The line containing "AKC Vinnie, a" marks the end: write out exactly every line from the first line of the data below through that line, and only those.

:: GIVEN INFORMATION

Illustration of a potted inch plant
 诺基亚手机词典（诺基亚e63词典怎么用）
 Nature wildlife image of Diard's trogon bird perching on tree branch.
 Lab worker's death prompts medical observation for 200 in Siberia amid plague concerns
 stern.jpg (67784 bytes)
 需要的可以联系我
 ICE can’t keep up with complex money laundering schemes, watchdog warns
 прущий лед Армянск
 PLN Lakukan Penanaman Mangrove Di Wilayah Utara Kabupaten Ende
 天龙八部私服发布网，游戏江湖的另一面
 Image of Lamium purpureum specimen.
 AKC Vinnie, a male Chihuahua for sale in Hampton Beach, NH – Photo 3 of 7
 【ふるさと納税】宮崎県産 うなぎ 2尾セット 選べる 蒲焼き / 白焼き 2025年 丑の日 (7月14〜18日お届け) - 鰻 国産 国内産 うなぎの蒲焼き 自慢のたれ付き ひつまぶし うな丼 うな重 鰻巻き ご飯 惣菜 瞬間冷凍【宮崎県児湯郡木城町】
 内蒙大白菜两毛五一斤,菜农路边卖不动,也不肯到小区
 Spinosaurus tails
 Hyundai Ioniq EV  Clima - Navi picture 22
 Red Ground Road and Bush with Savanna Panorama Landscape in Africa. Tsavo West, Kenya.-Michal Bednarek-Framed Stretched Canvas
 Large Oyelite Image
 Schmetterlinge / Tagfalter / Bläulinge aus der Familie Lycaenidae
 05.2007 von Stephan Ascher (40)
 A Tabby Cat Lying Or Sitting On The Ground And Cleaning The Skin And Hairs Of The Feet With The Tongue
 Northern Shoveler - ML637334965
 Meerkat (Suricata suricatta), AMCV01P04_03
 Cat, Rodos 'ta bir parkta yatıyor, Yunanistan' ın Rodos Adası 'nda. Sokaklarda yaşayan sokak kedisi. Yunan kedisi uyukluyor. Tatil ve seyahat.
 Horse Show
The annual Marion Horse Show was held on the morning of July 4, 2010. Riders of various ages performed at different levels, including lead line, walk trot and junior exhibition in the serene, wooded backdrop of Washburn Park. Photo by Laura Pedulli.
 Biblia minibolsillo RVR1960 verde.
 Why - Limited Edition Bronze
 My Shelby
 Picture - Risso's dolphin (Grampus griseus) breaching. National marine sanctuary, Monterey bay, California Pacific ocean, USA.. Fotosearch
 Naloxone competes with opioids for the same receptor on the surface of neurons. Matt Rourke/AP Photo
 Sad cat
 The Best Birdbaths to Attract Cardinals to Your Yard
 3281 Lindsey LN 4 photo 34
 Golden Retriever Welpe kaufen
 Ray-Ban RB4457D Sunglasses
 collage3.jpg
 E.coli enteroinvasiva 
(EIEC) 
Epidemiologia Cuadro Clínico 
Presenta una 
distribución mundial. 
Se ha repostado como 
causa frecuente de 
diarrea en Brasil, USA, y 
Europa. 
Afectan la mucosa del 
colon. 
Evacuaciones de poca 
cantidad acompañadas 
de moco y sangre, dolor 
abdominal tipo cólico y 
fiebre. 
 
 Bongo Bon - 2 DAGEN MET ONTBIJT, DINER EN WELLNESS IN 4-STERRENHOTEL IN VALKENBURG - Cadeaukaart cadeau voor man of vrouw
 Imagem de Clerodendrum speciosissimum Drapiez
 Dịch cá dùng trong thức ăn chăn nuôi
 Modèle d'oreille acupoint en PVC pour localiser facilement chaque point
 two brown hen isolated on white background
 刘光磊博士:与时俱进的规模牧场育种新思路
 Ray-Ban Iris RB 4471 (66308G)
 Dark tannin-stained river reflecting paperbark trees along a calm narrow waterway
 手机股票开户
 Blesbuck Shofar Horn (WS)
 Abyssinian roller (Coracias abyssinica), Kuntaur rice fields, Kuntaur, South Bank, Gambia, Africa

::::

◆ WRITTEN ANSWER:
Illustration of a potted inch plant
 诺基亚手机词典（诺基亚e63词典怎么用）
 Nature wildlife image of Diard's trogon bird perching on tree branch.
 Lab worker's death prompts medical observation for 200 in Siberia amid plague concerns
 stern.jpg (67784 bytes)
 需要的可以联系我
 ICE can’t keep up with complex money laundering schemes, watchdog warns
 прущий лед Армянск
 PLN Lakukan Penanaman Mangrove Di Wilayah Utara Kabupaten Ende
 天龙八部私服发布网，游戏江湖的另一面
 Image of Lamium purpureum specimen.
 AKC Vinnie, a male Chihuahua for sale in Hampton Beach, NH – Photo 3 of 7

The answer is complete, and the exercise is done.